[Scraped caption text data]
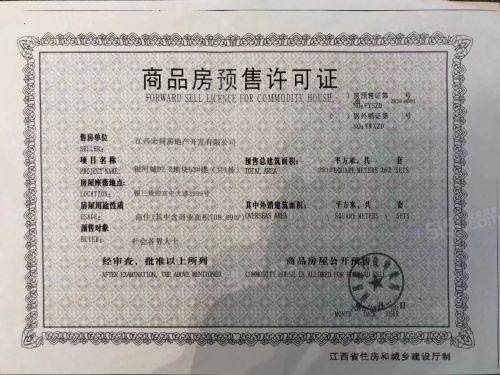 九颂山河时代城第69张图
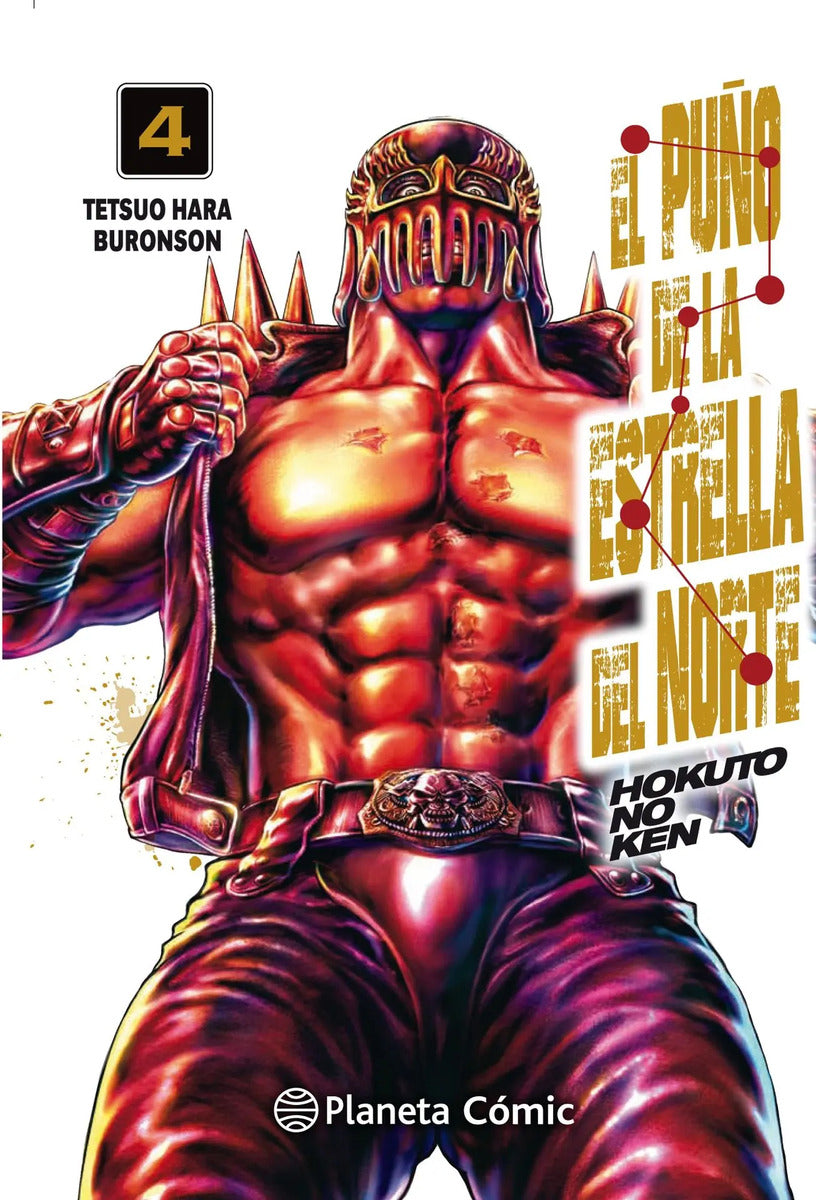Portada de El Puño De La Estrella Del Norte (hokuto No Ken) Nº 04/18, De Hara, Tetsuo. Cómics Editorial Comics Mexico, Tapa…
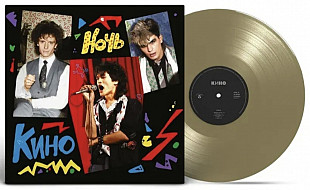Виктор Цой, Кино - Ночь - 1986. (LP). 12. Limited Gold Vinyl. Пластинка. Europe. S/S.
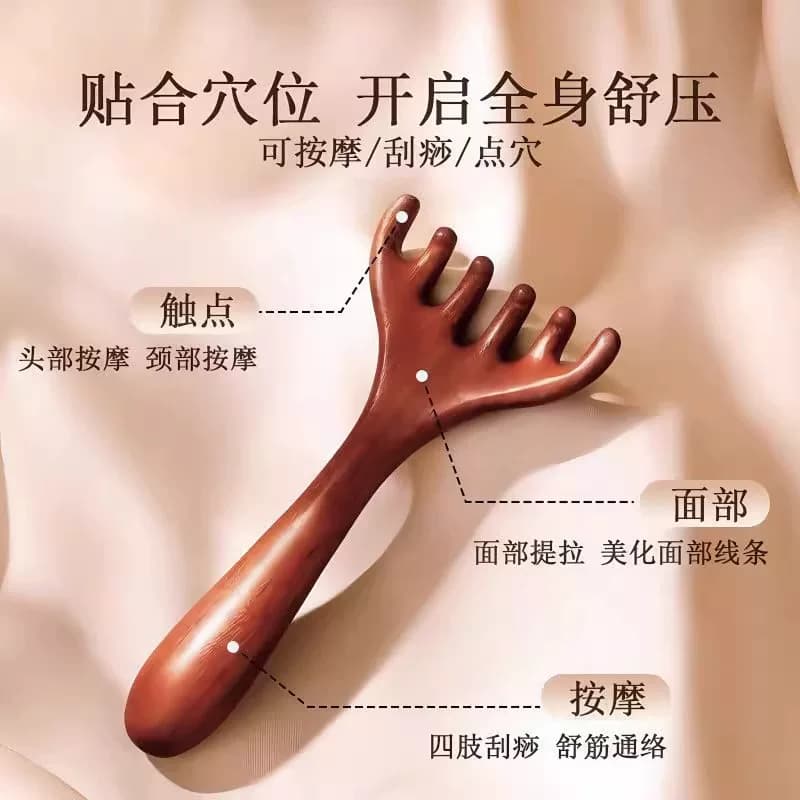 六爪鹿角头部经络梳养生头皮按摩梳子头疗淋巴全身用文创文化用品 - 缩略图3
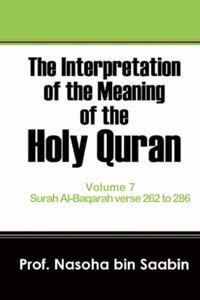 Interpretation of The Meaning of The Holy Quran Volume 7 - Surah Al-Baqarah verse 262 to 286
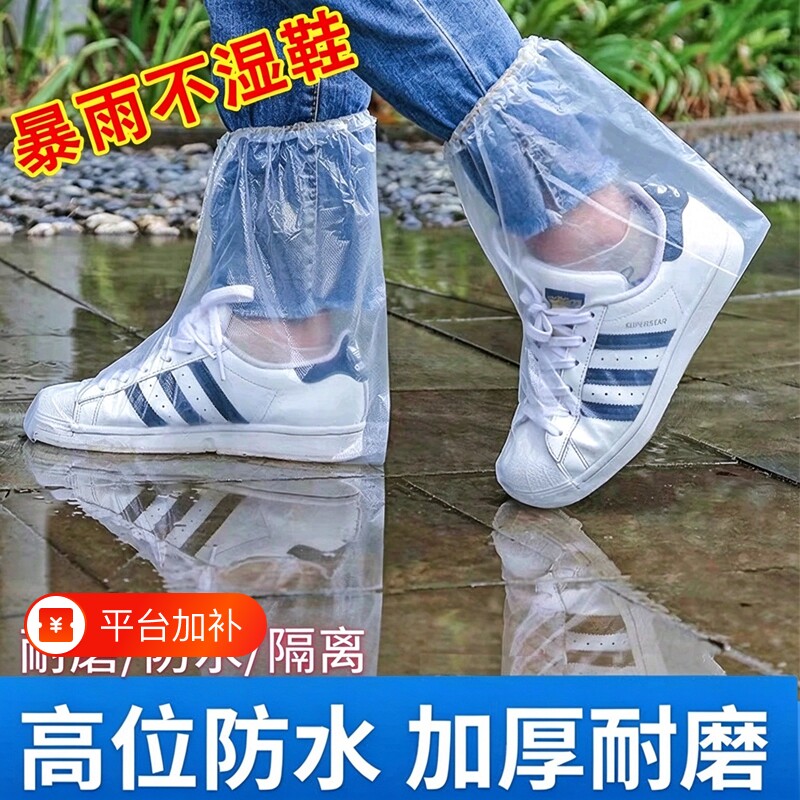 一次性雨鞋套防滑男女下雨防水加厚耐磨户外鞋套学防雨高筒防沙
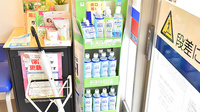 クオール薬局王子店の飲食物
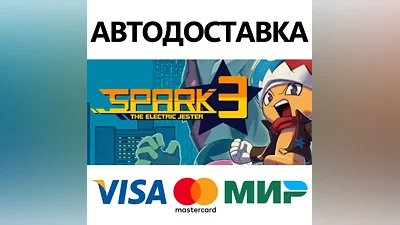 Spark the Electric Jester 3 * STEAM RU AUTO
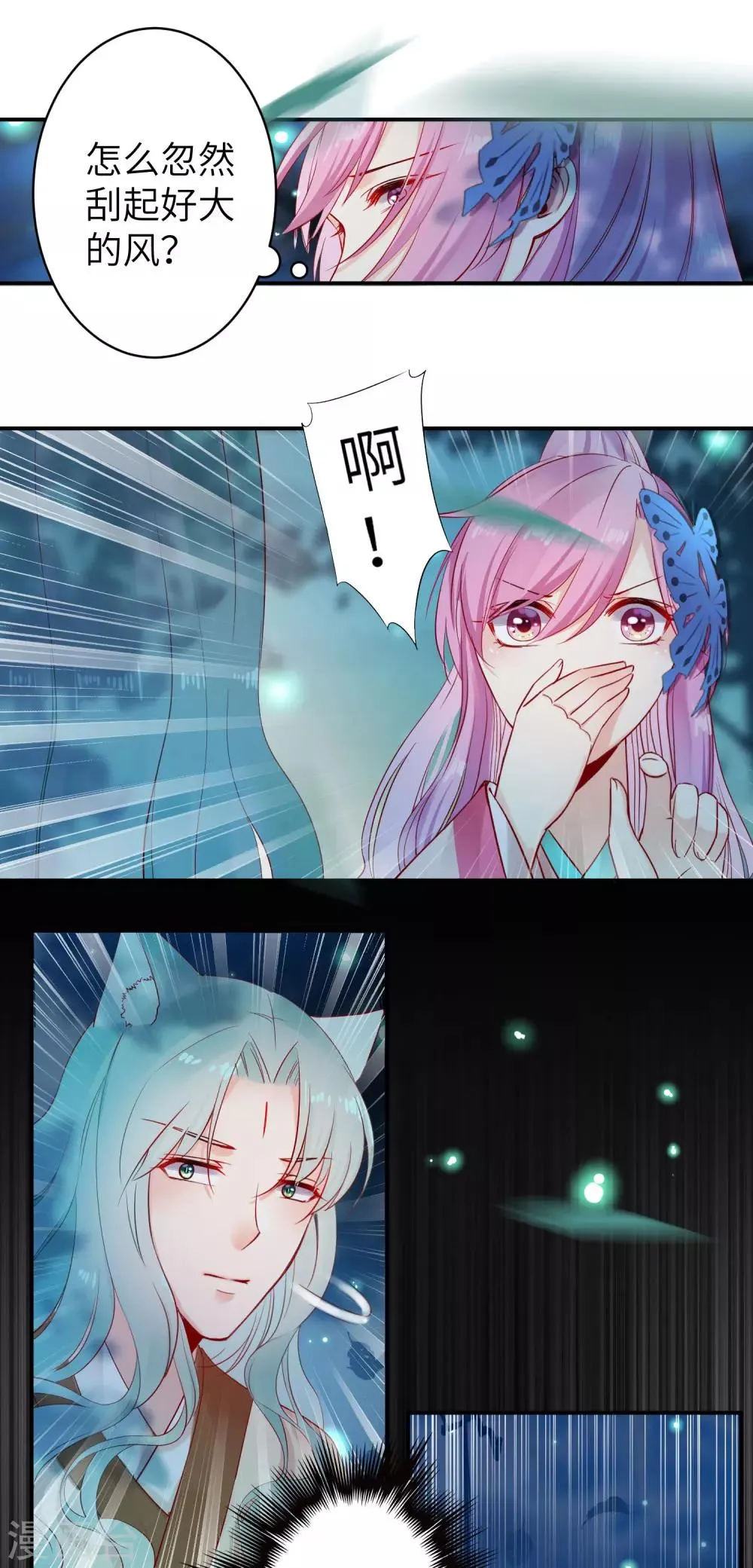 第103话 只有我没吻过你 第25页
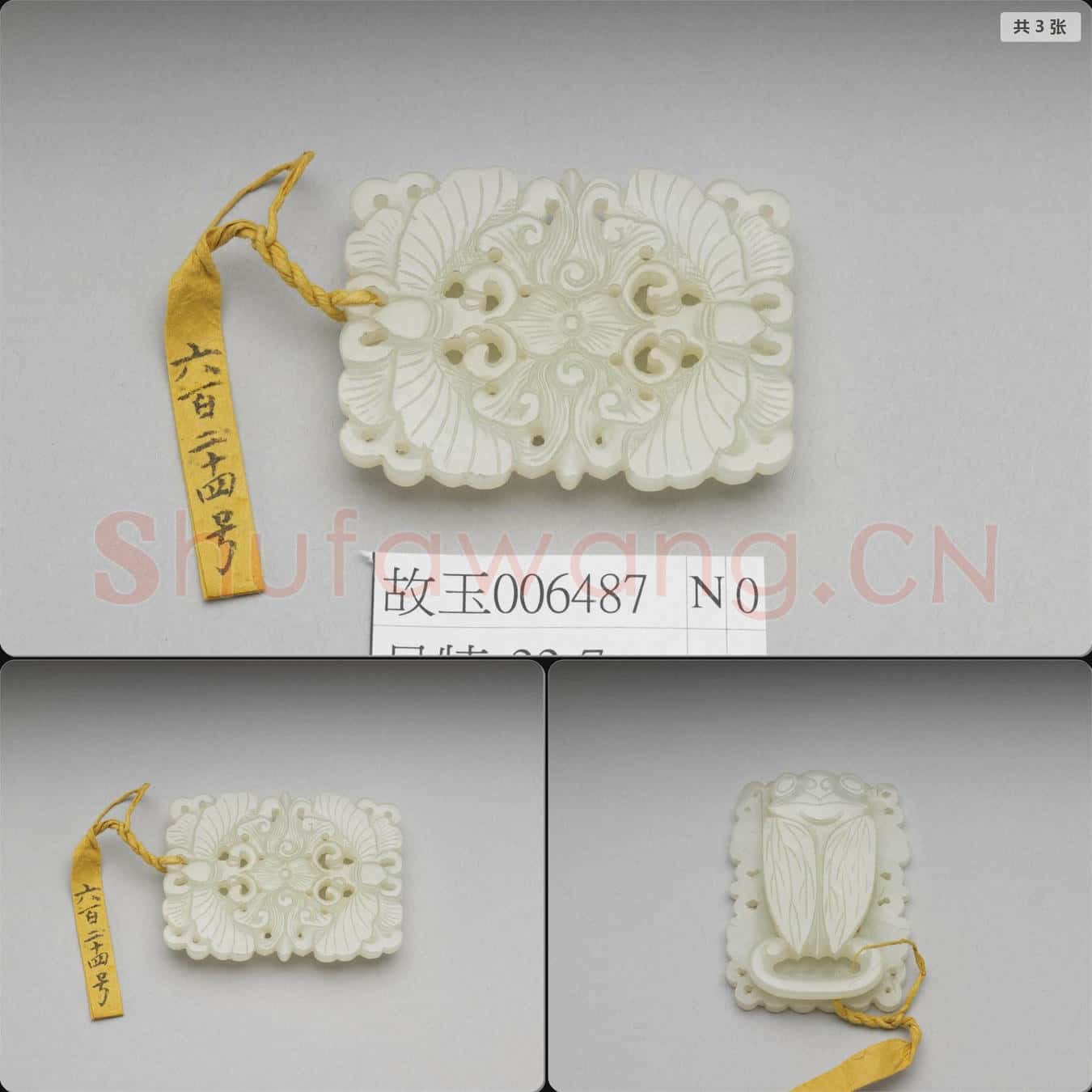 時代待訂 玉雕花佩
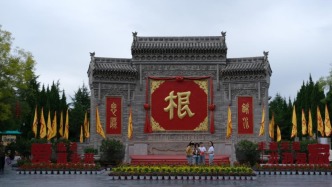 奔赴“县”场｜大槐树下：根祖圣地生出文旅新活力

▶ [Task description]
Only the lines from the one containing "六爪鹿角头部经络梳养生头皮按摩梳子头疗淋巴全身用文创文化用品 - 缩略图3" through the last line of the entries above, both included, belong in the answer, written out exactly; pictures do not.

▶ [Finished task]
 六爪鹿角头部经络梳养生头皮按摩梳子头疗淋巴全身用文创文化用品 - 缩略图3
 Interpretation of The Meaning of The Holy Quran Volume 7 - Surah Al-Baqarah verse 262 to 286
 一次性雨鞋套防滑男女下雨防水加厚耐磨户外鞋套学防雨高筒防沙
 クオール薬局王子店の飲食物
 Spark the Electric Jester 3 * STEAM RU AUTO
 第103话 只有我没吻过你 第25页
 時代待訂 玉雕花佩
 奔赴“县”场｜大槐树下：根祖圣地生出文旅新活力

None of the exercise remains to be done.